>>>>>

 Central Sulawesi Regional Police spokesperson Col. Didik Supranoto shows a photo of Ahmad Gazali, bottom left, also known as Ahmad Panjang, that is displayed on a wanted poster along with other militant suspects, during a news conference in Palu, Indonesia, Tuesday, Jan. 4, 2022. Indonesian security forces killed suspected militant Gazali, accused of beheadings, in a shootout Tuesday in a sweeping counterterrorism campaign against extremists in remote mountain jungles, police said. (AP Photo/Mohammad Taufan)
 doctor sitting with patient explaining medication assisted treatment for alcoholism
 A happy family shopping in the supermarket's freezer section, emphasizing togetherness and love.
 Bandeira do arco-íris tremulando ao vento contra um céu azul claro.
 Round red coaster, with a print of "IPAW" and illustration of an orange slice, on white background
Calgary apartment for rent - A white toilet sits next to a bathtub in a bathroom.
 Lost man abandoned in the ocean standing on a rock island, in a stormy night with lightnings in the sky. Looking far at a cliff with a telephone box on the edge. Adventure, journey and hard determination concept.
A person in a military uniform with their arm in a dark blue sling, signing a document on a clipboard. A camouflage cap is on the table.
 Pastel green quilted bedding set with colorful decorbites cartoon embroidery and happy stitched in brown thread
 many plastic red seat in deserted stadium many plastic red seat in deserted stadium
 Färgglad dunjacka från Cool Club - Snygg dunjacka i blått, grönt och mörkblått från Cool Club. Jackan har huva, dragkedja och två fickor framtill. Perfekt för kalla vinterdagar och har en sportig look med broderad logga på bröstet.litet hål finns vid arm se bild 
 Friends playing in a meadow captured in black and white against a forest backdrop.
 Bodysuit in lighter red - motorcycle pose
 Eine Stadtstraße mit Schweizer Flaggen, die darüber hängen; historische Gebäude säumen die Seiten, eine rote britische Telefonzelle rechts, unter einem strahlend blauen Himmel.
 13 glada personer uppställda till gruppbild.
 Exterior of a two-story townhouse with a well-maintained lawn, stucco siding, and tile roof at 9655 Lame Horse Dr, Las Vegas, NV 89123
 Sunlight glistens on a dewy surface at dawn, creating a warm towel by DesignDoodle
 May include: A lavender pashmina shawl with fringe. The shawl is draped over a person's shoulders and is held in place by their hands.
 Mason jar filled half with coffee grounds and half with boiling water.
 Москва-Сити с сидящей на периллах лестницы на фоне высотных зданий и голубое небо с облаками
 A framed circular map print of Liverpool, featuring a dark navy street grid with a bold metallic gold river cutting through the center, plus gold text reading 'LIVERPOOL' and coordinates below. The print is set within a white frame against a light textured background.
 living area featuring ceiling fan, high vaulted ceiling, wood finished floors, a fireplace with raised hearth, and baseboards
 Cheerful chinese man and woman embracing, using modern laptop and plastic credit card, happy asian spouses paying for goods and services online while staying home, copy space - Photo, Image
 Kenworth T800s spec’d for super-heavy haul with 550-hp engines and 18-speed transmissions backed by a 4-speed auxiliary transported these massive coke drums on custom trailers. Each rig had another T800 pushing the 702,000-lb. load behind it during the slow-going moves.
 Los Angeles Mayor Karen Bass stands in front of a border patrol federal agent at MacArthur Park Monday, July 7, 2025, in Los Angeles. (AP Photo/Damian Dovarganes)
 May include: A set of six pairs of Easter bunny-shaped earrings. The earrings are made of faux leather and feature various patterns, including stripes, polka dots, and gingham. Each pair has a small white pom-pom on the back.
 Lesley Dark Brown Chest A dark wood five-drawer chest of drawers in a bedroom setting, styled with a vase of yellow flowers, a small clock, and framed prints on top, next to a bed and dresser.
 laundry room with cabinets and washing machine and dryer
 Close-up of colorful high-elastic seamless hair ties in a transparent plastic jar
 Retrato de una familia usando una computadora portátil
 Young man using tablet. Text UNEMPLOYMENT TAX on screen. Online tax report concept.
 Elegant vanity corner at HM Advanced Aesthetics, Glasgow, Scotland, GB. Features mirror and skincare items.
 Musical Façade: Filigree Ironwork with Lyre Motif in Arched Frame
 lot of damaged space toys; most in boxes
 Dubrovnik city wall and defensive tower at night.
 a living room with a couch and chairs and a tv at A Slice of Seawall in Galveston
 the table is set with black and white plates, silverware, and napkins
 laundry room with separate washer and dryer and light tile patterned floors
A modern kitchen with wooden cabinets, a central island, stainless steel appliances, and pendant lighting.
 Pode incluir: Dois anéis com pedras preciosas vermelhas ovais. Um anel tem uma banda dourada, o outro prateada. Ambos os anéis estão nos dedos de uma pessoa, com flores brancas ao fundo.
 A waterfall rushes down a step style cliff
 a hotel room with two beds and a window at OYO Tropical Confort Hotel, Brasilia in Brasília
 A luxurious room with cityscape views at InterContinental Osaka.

<<<<<

**Task item**.
In the records above, find the line containing "Elegant vanity corner"; please retype it and every line after it through the last line, exactly and with nothing else.

**Solution for this problem**.
 Elegant vanity corner at HM Advanced Aesthetics, Glasgow, Scotland, GB. Features mirror and skincare items.
 Musical Façade: Filigree Ironwork with Lyre Motif in Arched Frame
 lot of damaged space toys; most in boxes
 Dubrovnik city wall and defensive tower at night.
 a living room with a couch and chairs and a tv at A Slice of Seawall in Galveston
 the table is set with black and white plates, silverware, and napkins
 laundry room with separate washer and dryer and light tile patterned floors
A modern kitchen with wooden cabinets, a central island, stainless steel appliances, and pendant lighting.
 Pode incluir: Dois anéis com pedras preciosas vermelhas ovais. Um anel tem uma banda dourada, o outro prateada. Ambos os anéis estão nos dedos de uma pessoa, com flores brancas ao fundo.
 A waterfall rushes down a step style cliff
 a hotel room with two beds and a window at OYO Tropical Confort Hotel, Brasilia in Brasília
 A luxurious room with cityscape views at InterContinental Osaka.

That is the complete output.